Correspondance, 1812-1876 Tome 5 - Жорж Санд 5 стр.


Embrassez pour moi votre chère femme. Je sais qu'elle pleurera avec nous, elle qui était si bonne pour ce pauvre petit.  Antoine dînait chez moi à Palaiseau le jour où j'ai reçu le télégramme d'alarme. Il a couru pour nous. Mais, malgré son aide et celle de M. Maillard, je n'ai pu partir le soir même; l'express ne correspond pas avec Palaiseau.

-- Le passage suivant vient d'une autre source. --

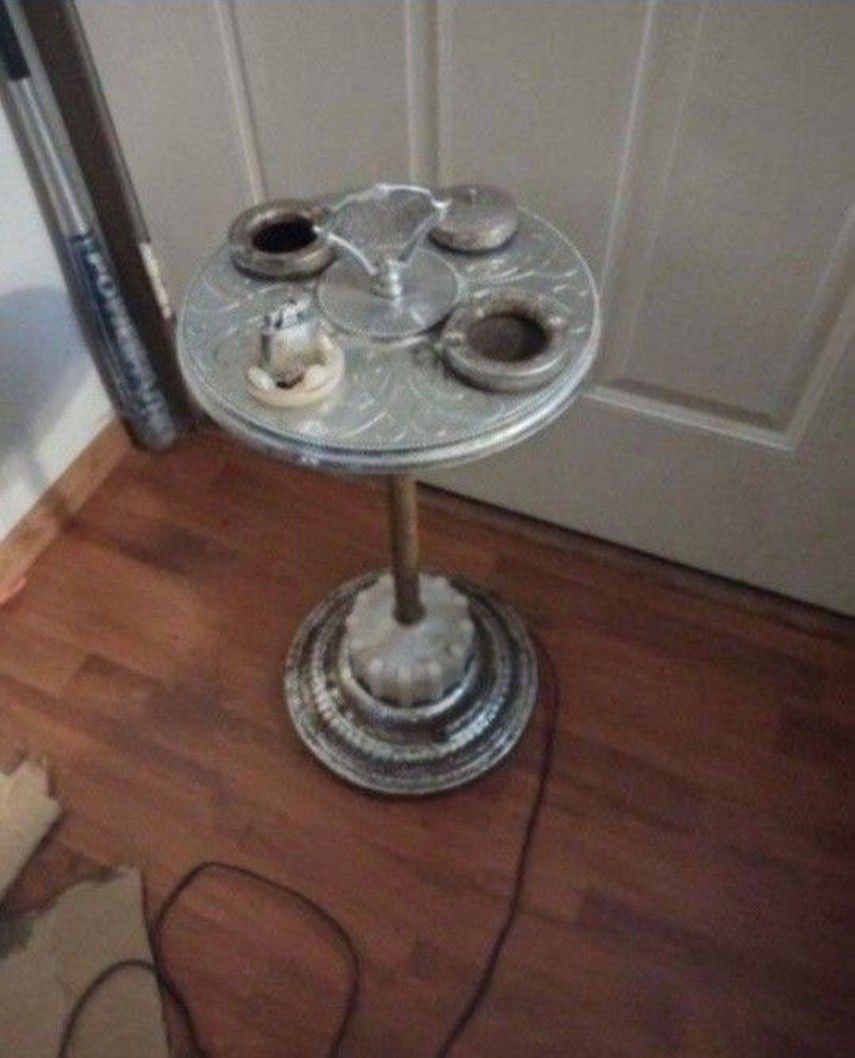 Rare Hard To Find Antique 1930s Light Up Ashtray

Adieu, mon bon ami; à vous de coeur.

G. S.

DLXV

A MADAME SIMONNET, A MONGIVRAY, PRÈS-LA CHÂTRE

Palaiseau, 24 juillet 1864.

Ma chère enfant, René a dû te dire comment nous sommes partis tout à coup pour Guillery. Nous voilà revenus, laissant notre pauvre enfant dans la tombe de son arrière-grand-père. Maurice et Lina, que j'ai embarqués pour Nîmes, ont été bien soulagés de me voir, et ils ont écouté mes consolations avec un coeur bien tendre. Mais quelle douleur! Maurice, qui s'était exténué à soigner son enfant et qui le croyait sauvé! Je reviens brisée de fatigue; mais j'ai besoin de courage pour leur en donner, et je supporterai mon propre chagrin aussi bien que je pourrai. Écris-leur à Nîmes, chez Boucoiran, au Courrier du Gard. Ils vont voyager un mois pour se remettre et se secouer; mais ils auront leur pied-à-terre à Nîmes et ils y recevront leurs lettres. J'ai oublié de donner leur adresse à Ludre; fais-la-lui savoir tout de suite. Ces témoignages d'affection leur feront du bien.

Aussitôt que je pourrai, j'écrirai au ministre pour Albert, sois tranquille.

Je t'embrasse tendrement, ainsi que ta mère.

G. SAND.

DLXVI

A MAURICE SAND, A NÎMES

Palaiseau, 25 juillet 1864.

Mes enfants, J'attends impatiemment de vos nouvelles. Nécessairement j'ai l'esprit frappé et j'ai besoin de vous savoir à Nîmes, près de notre bon Boucoiran, bien soignés, si vous étiez souffrants l'un ou l'autre. J'ai bien supporté le voyage; mais nous sommes beaucoup plus las aujourd'hui qu'hier, et je crains qu'il n'en soit de même pour vous. Quand la volonté n'a plus rien à faire, on sent que le corps est brisé. Toute la journée, j'ai corrigé des épreuves15. Jugez si j'y avais la tête. Je relisais tout six fois sans comprendre, et c'est pour cette corvée que je vous ai quittés si vite; car la Revue était bouleversée et j'ai reçu aujourd'hui quatre épreuves revenant de Nohant, de Nérac, etc. Louis Buloz est venu m'aider à terminer. J'ai marché un peu ce soir; mais je pleure en marchant, en dormant, en travaillant, et la moitié du temps sans penser à rien, comme en état d'idiotisme. Il faut laisser faire la nature. Elle veut cela. Mais combattez l'amertume, mes pauvres enfants. Ayez le malheur doux, et n'accusez pas Dieu. Il vous a donné un an de bonheur et d'espoir. Il a repris dans son sein, qui est l'amour universel, le bien qu'il vous avait donné. Il vous le rendra sous d'autres traits. Nous aimerons, nous souffrirons, nous espérerons, nous craindrons, nous serons pleins de joie, de terreurs, en un mot nous vivrons encore, puisque la vie est comme cela un terrible mélange. Aimons-nous, appuyons-nous les uns sur les autres. Je vous embrasse mille fois. Maillard va s'occuper et s'occupe déjà de vous chercher un gîte qui nous rapproche.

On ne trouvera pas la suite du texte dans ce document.